Lecture 7: Pair Programming

You may have seen pair programming since freshman year. You may not have taken it seriously. But here is our rationale for this course, and it should be the rationale for any company that values its code base.

What and How

Two people take turns to design and interpret interfaces, design functions, add tests for bugs, debug using the test suite, and deploy the software on Linux.

The ideal physical setup is a one keyboard/one monitor, i.e., these days one laptop. One of you is designated pilot, the other is co-pilot. Switch roles every so often, using an agreed-upon protocol: completed tasks, fixed time interval, etc.

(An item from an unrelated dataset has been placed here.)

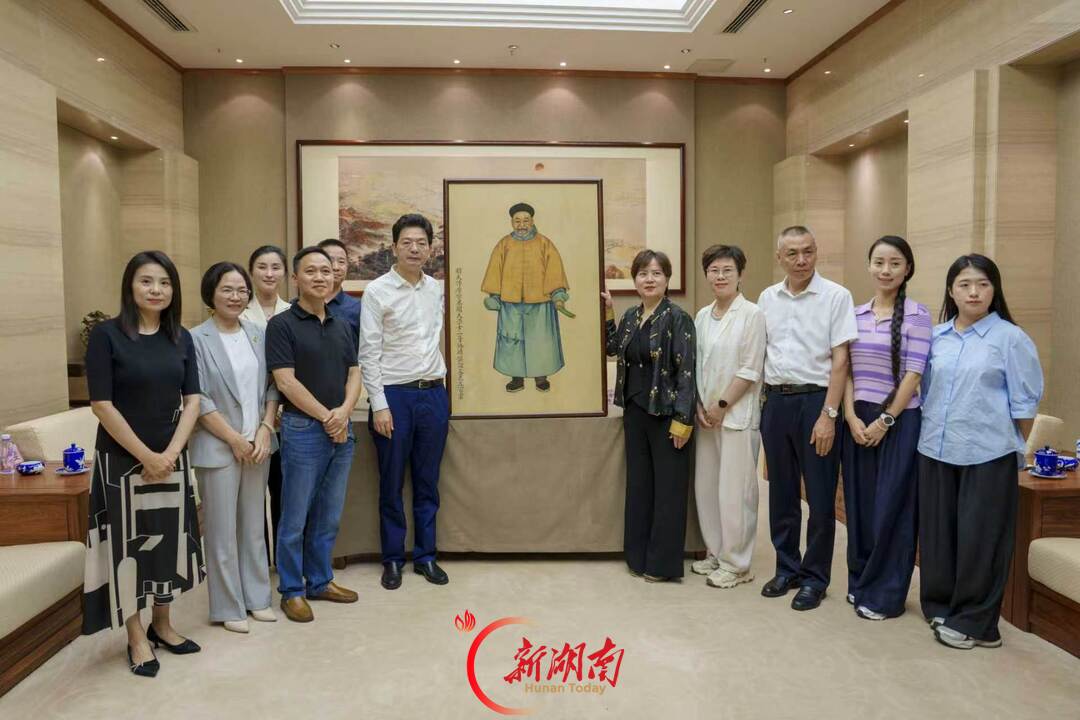 让左公柳扎根湖湘大地,长沙与哈密签署左宗棠历史文化交流合作框架协议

The pilot writes down thoughts as designs, interfaces, protocols, code. The co-pilot observes and continuously questions the pilot’s actions. Here are some sample questions:
  • do we understand what knowledge a component encapsulates?

  • what data definitions are used for that?

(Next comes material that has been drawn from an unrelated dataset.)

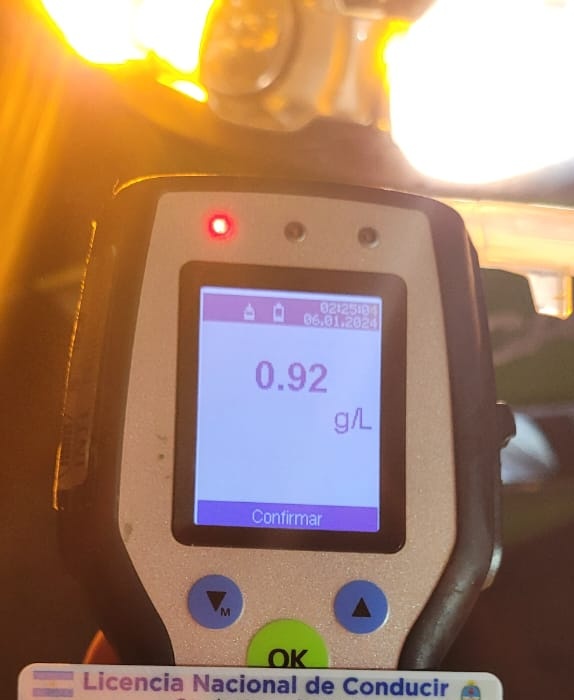 RedSegVial's tweet photo. #RP70 y #RN11. En un control de PSV los agentes realizaron test de alcoholemia al conductor de un transporte de pasajeros que arrojó un resultado de 0.92 grs de alcohol en sangre.
Lo retiramos de la circulación porque esta conducta es gravísima y nos pone en riesgo a todos. https://t.co/XPxPG44lO2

  • what are the key pieces of functionality?

  • how should those be exposed, if at all?

  • do we have good signatures? do we have well-articulated purpose statements?

  • are we following the design recipe in the small (for functions), in “coding life?”

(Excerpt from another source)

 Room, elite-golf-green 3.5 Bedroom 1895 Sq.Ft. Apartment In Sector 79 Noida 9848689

As you execute, neither of you can slack off. You must execute your roles properly all the time. If you notice slack, switch. If both slack, take a break.

In a team setting, rotate pairs so that everyone gets to know everyone as a partner. And everyone gets to know the code base reasonably well.

Why

Strengths and Weaknesses

You may think you can do it alone. What if you get sick?

You may think your partner can do it all. If so, you’re a lazy bum and when your boss finds out he must fire you—to act socially responsible as a boss.

You may think you’re wasting time when two do what one could do. But one cannot do what two do: continuously critique each other.

In general, people have unequal skills. The key is to use each others strengths’, learn from each other, and soften each others’ weaknesses.

Evidence

Laurie Williams and Bob Kessler some 20 years ago published a comprehensive book after studying the use of pair programming in a variety of settings, but mostly industry. They came to the conclusion that pair programming saves companies money in the long run.

Besides the advantages already mentioned, pair programming creates ties between people and, if well managed, these ties are positive, self-reinforcing ones. These ties, in turn, binds people to the company, avoiding costs with on-boarding new people.

If you ever need arguments for pair programming, I recommend you read the book.